Nothing but the lines from the one with "HEART PEDANT DIAMOND PINK GOLD NECKLACE" through the end of the data should be set down, each exactly as written, and no picture should be included.

## Pictures with short captions
--*--
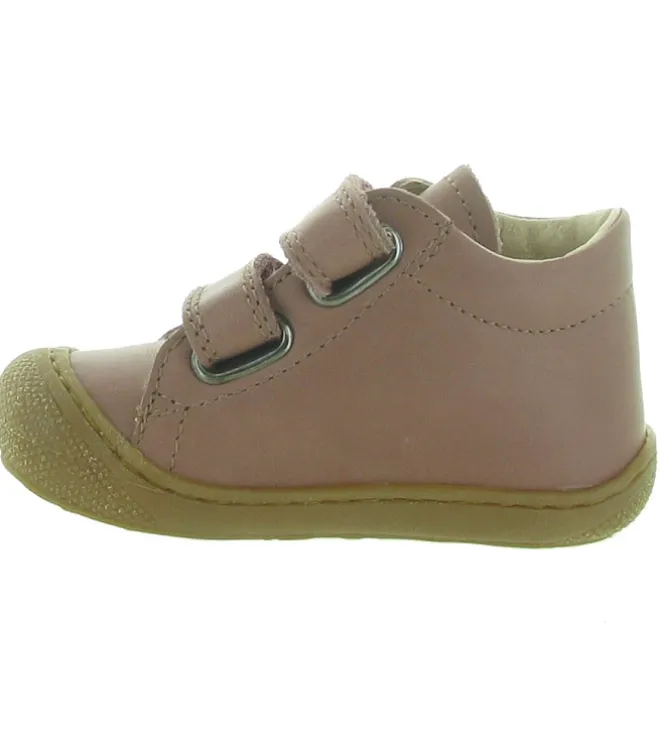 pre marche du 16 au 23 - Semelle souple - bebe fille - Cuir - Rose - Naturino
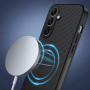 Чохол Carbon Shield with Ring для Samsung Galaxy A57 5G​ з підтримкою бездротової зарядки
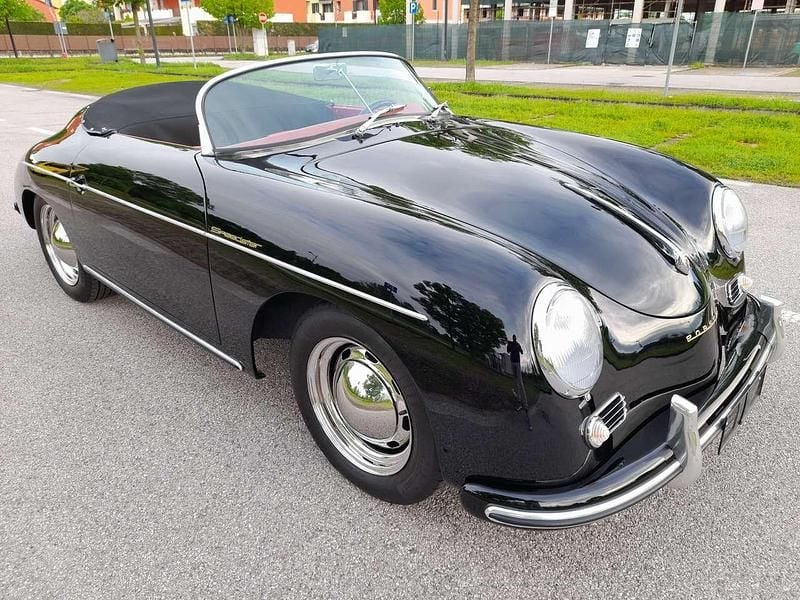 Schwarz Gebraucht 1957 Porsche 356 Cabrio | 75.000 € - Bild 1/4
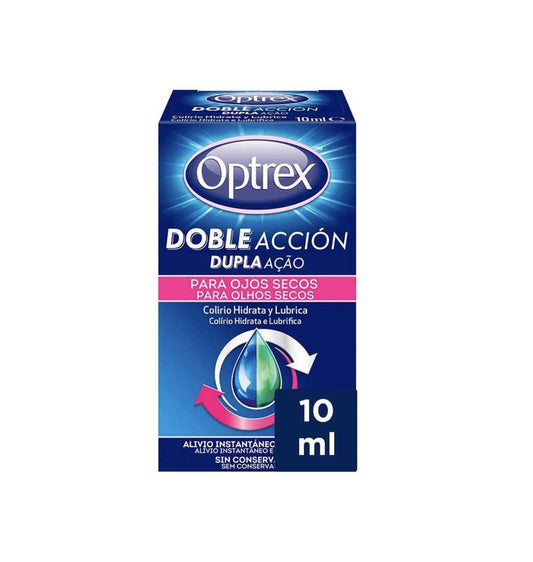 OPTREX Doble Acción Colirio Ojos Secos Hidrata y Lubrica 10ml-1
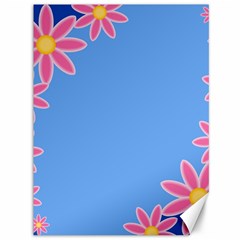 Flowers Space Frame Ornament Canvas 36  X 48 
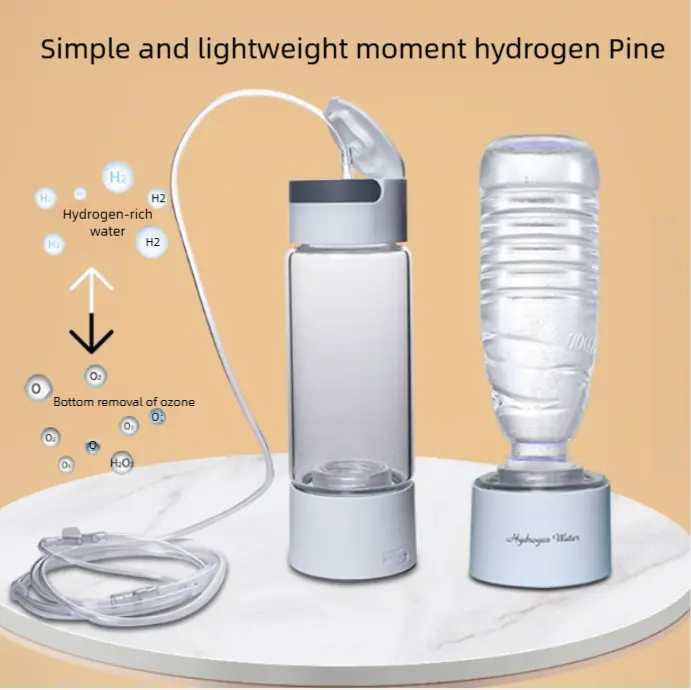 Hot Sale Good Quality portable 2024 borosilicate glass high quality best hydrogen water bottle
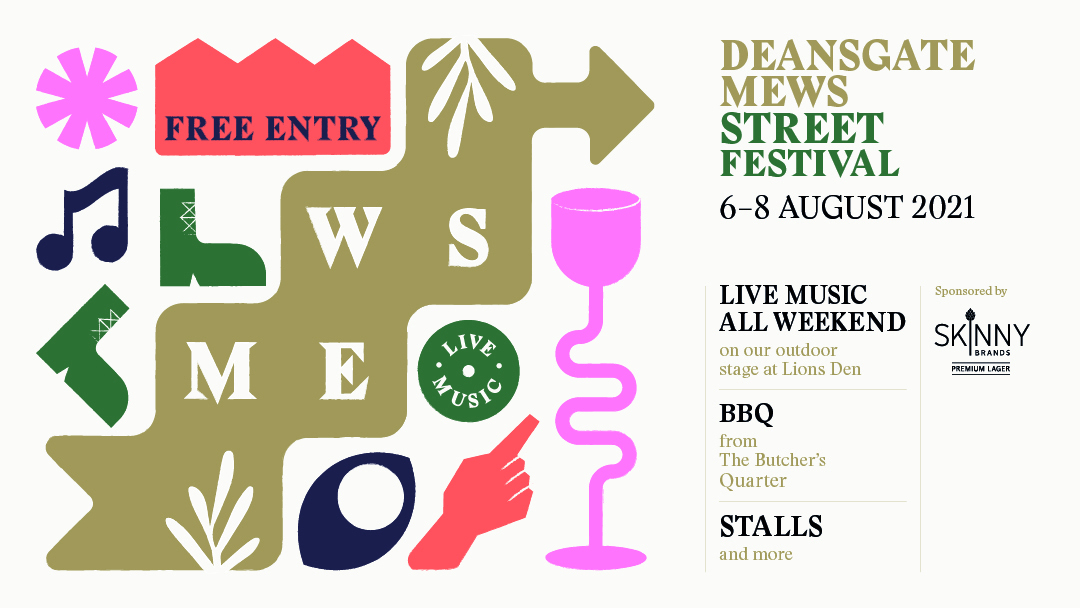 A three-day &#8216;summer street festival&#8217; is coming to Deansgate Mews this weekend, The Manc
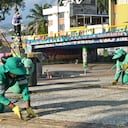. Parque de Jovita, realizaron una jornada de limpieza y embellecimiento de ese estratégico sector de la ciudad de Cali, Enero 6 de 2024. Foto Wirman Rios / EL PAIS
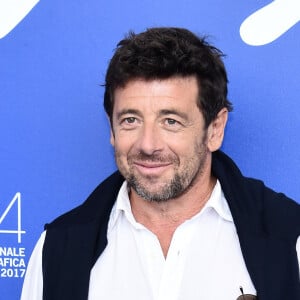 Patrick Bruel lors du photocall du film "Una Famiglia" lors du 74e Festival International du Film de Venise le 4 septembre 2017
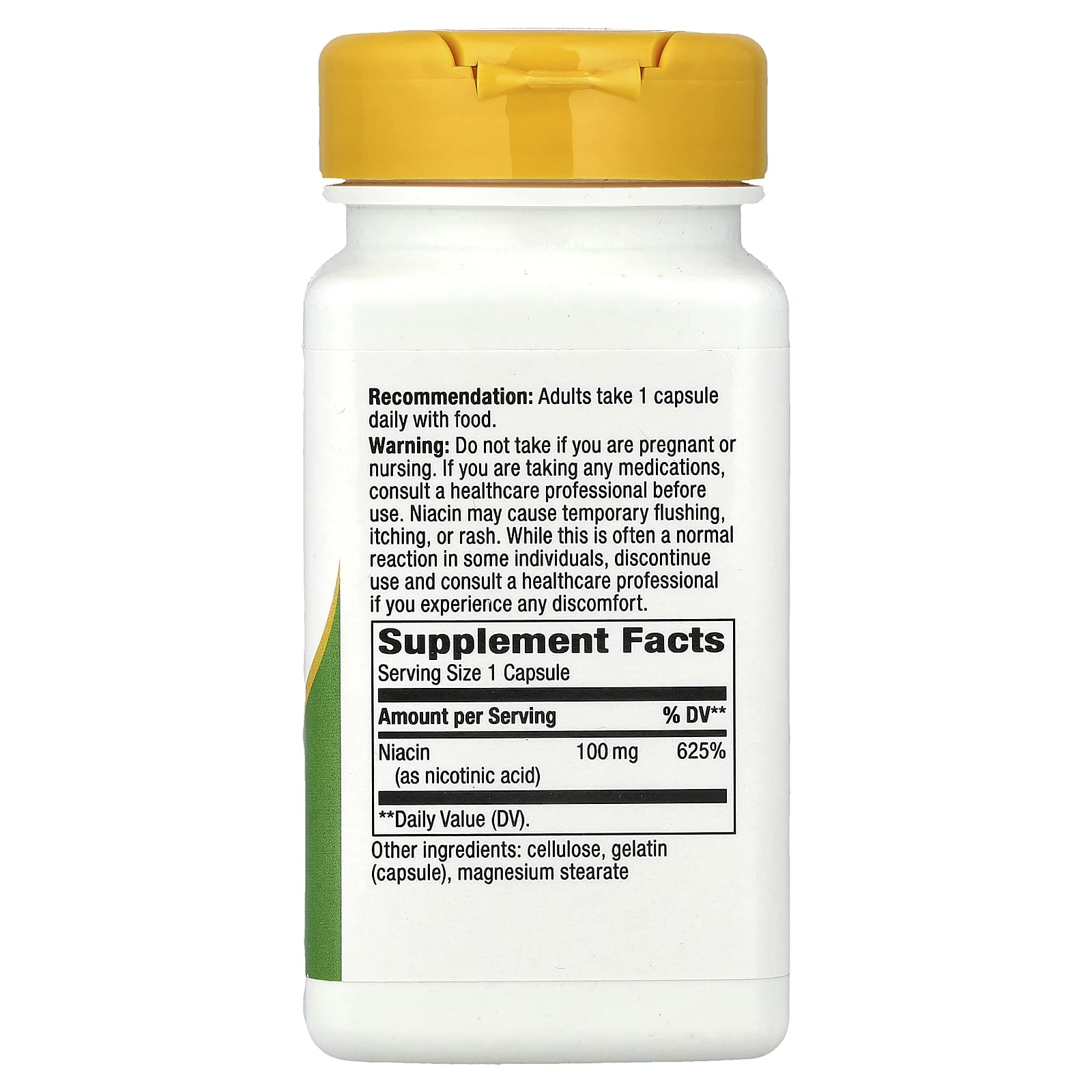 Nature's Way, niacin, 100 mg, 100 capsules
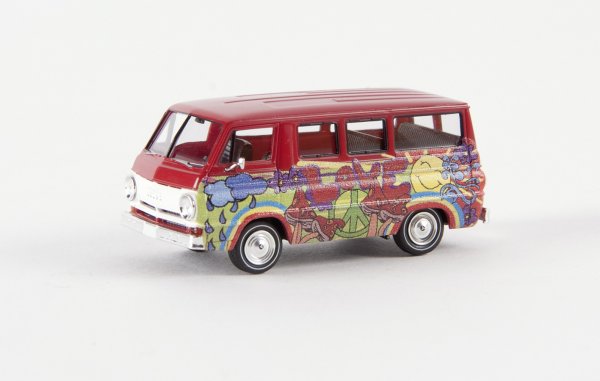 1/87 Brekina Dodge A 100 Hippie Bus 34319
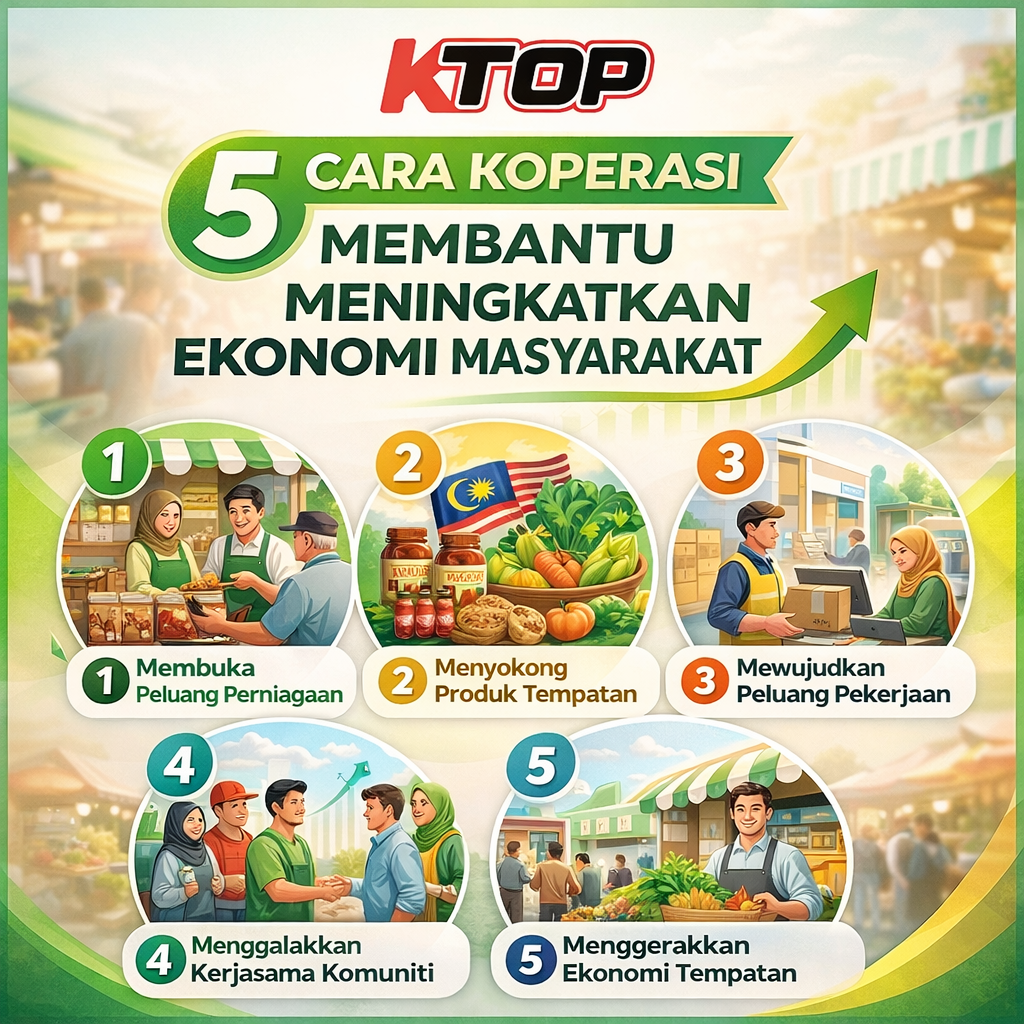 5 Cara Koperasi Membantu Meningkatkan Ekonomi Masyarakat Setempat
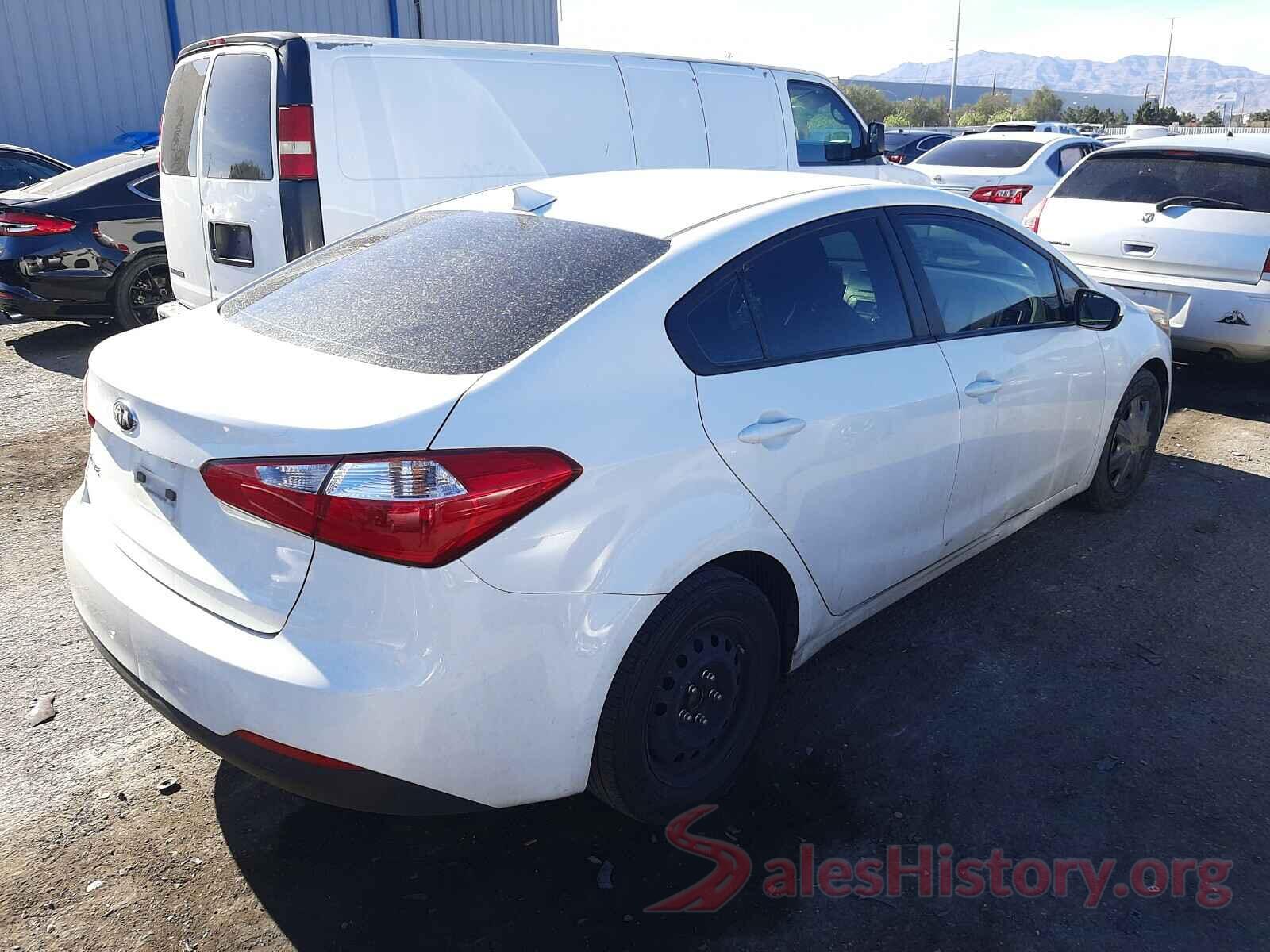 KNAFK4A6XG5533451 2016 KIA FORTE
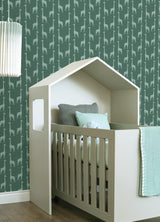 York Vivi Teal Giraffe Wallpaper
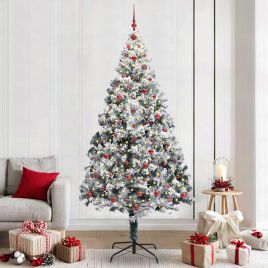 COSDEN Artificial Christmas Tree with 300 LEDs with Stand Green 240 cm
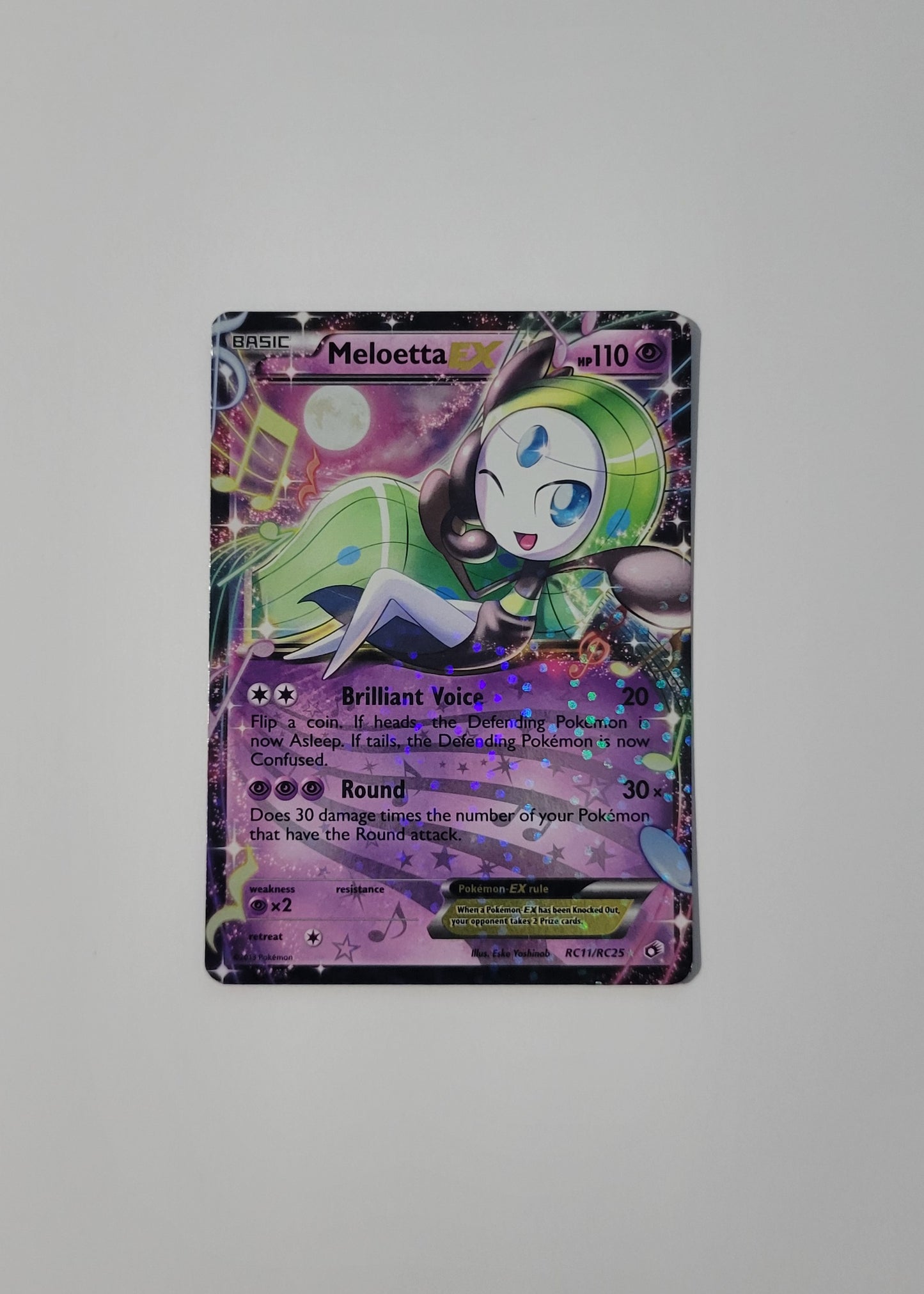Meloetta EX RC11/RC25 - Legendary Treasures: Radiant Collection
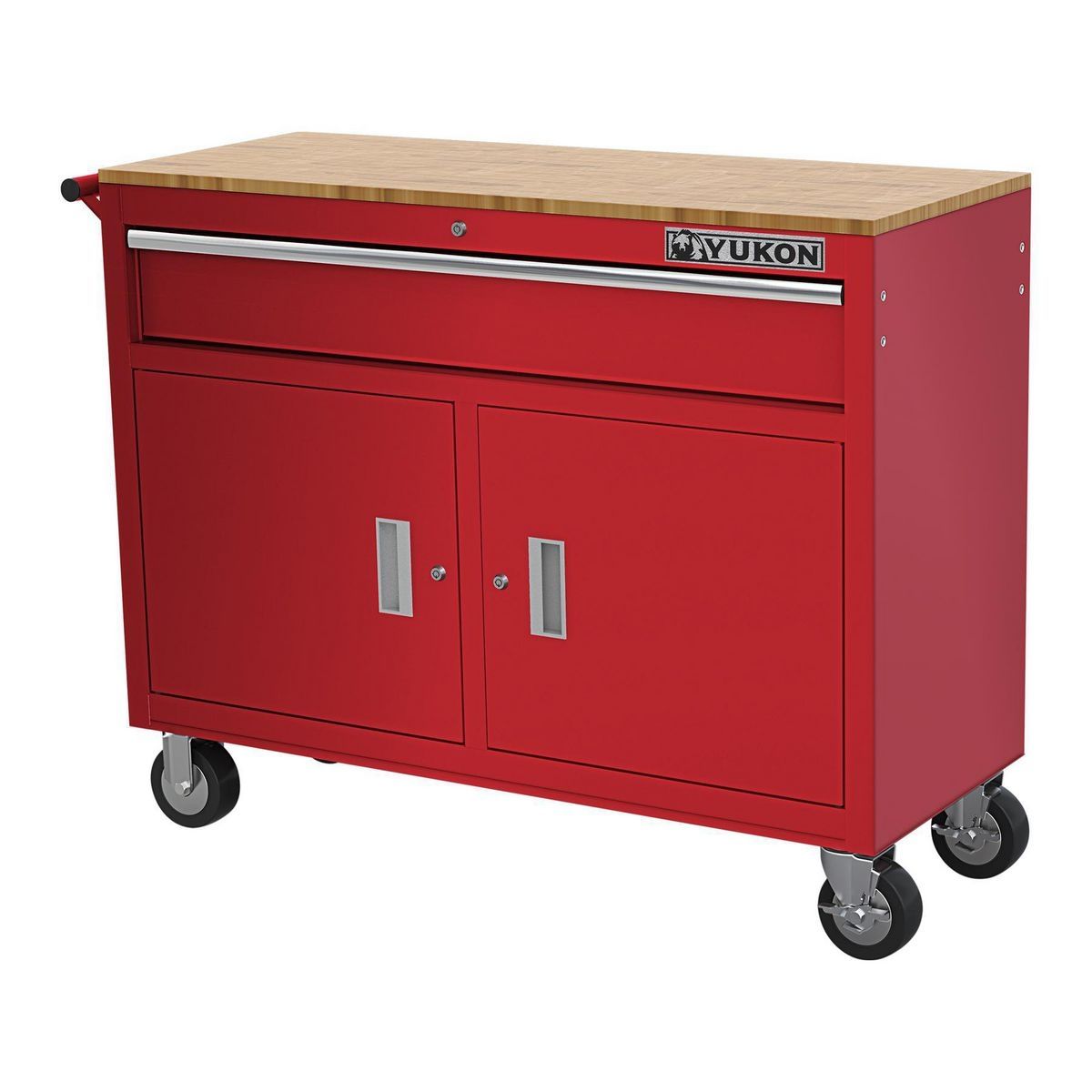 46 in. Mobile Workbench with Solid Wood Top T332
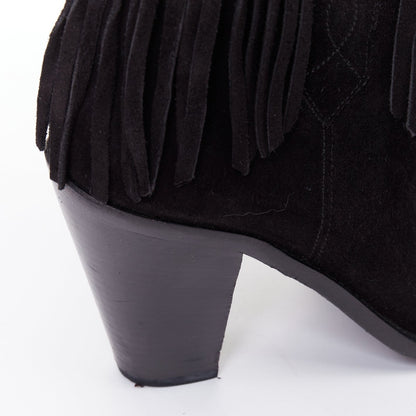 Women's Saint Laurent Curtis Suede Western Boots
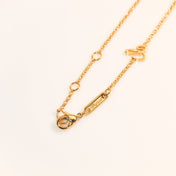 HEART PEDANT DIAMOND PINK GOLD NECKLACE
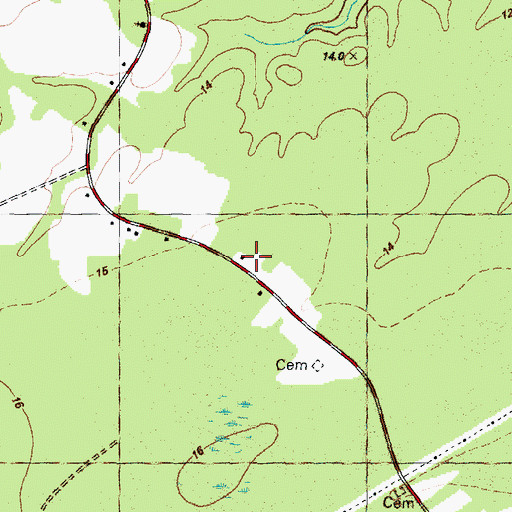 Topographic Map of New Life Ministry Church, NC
--*--
## RESULT OF THIS EXERCISE
 HEART PEDANT DIAMOND PINK GOLD NECKLACE
 Topographic Map of New Life Ministry Church, NC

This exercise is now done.